I am using ggplot(). I have a dataset that has a variable called "state_crossing"
which takes multiple string values - like "baja california", "sonora" and "tamaulipas". I saw some tricks on other threads on how to make multiple lines without needing to call a geom_line()
for each variable (e.g., here Plotting two variables as lines using ggplot2 on the same graph).
Then, I created a new variable value = 1
for each observation, and I am using the following command:
plotting <- data.frame(
year = rep(c("2001", "2002"), times=c(4,5)),
state_crossing = c("baja california", "baja california", "sonora", "tamaulipas", "sonora", "sonora", "tamaulipas", "tamaulipas", "baja california"),
value = rep(1, 9)
)
ggplot(plotting, aes(x=year, y=value)) +
geom_line(aes(color=state_crossing, group=state_crossing), stat = "summary", fun = "sum")

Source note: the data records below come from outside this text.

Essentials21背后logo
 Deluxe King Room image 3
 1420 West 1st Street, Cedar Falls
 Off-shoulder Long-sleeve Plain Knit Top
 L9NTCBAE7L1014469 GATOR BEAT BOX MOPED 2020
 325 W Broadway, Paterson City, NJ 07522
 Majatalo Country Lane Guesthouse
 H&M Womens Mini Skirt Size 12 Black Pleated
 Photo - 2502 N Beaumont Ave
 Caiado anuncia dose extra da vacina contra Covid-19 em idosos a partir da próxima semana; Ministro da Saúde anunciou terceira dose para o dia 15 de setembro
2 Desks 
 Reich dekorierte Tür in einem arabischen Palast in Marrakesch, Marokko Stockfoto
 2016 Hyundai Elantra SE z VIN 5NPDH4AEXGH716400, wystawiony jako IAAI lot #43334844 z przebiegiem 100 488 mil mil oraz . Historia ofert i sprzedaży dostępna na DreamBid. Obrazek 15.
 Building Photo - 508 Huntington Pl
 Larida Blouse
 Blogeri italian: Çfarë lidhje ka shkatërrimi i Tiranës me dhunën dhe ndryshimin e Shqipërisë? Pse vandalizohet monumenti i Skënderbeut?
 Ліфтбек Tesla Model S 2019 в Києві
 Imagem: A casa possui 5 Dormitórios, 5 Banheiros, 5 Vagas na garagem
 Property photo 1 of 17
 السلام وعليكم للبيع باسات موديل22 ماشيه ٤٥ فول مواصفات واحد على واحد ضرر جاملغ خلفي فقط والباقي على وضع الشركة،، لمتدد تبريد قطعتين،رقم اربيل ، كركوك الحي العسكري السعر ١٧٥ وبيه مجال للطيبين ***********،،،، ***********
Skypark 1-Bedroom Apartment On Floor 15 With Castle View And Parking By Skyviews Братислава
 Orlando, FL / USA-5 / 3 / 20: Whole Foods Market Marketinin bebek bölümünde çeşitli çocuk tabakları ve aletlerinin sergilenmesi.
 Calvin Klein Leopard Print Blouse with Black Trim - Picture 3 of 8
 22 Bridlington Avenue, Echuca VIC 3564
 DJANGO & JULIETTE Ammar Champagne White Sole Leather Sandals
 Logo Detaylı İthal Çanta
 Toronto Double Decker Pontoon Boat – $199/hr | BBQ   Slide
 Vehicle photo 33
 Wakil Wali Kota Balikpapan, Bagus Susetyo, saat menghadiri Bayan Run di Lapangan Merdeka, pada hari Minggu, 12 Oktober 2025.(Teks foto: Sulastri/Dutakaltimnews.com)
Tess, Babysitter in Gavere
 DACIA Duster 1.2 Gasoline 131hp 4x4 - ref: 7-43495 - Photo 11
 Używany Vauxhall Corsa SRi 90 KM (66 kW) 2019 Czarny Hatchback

This is great, but it naturally plots the sum of occurrences, whereas I wanted the fraction of observations with that value of state_crossing within each value of x = year
. The function "mean" doesn't work, as the mean is equal to 1 for the variable. Any idea of a "fun"
that could give me the fraction?
E.g., on my reproducible example, I'd like "baja california" to show 2/3 in 2001, and then 0 in 2002; and "sonora" to show up as "1/3" and then "1/2"